**ACTION ITEM:**
Take from the entries below the stretch from the line with "Easter spring background" through the line with "Produktbild Biella Abreisskalender", and return it exactly, leaving the pictures out.

(AVAILABLE RECORDS begins)

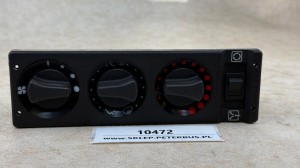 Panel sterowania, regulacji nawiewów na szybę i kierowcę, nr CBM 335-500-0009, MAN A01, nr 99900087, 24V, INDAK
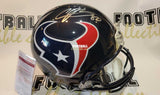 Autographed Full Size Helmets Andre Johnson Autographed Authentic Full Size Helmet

(AVAILABLE RECORDS ends)
(AVAILABLE RECORDS begins)

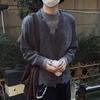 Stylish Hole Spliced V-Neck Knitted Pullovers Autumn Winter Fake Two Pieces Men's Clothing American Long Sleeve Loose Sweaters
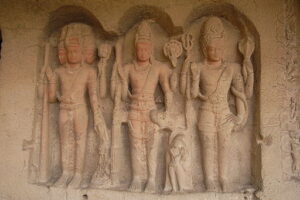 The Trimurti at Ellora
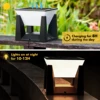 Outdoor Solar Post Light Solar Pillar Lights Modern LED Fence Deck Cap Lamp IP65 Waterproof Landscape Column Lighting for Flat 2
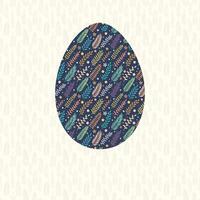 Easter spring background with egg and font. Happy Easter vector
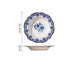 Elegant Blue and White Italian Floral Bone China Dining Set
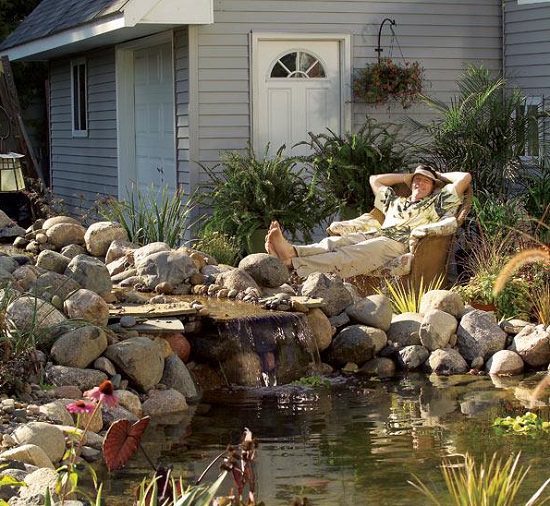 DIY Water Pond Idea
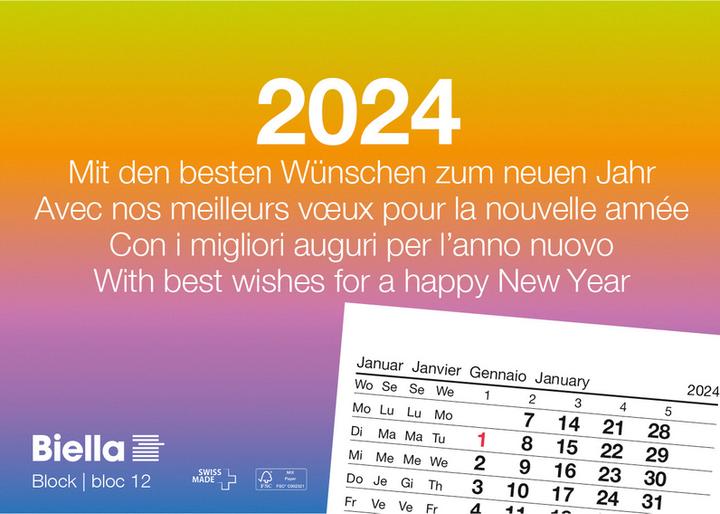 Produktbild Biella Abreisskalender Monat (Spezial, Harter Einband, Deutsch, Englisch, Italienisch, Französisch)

(AVAILABLE RECORDS ends)
(AVAILABLE RECORDS begins)

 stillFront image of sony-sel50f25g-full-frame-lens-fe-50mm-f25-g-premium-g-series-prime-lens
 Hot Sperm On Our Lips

(AVAILABLE RECORDS ends)

**SOLUTION:**
 Easter spring background with egg and font. Happy Easter vector
 Elegant Blue and White Italian Floral Bone China Dining Set
 DIY Water Pond Idea
 Produktbild Biella Abreisskalender Monat (Spezial, Harter Einband, Deutsch, Englisch, Italienisch, Französisch)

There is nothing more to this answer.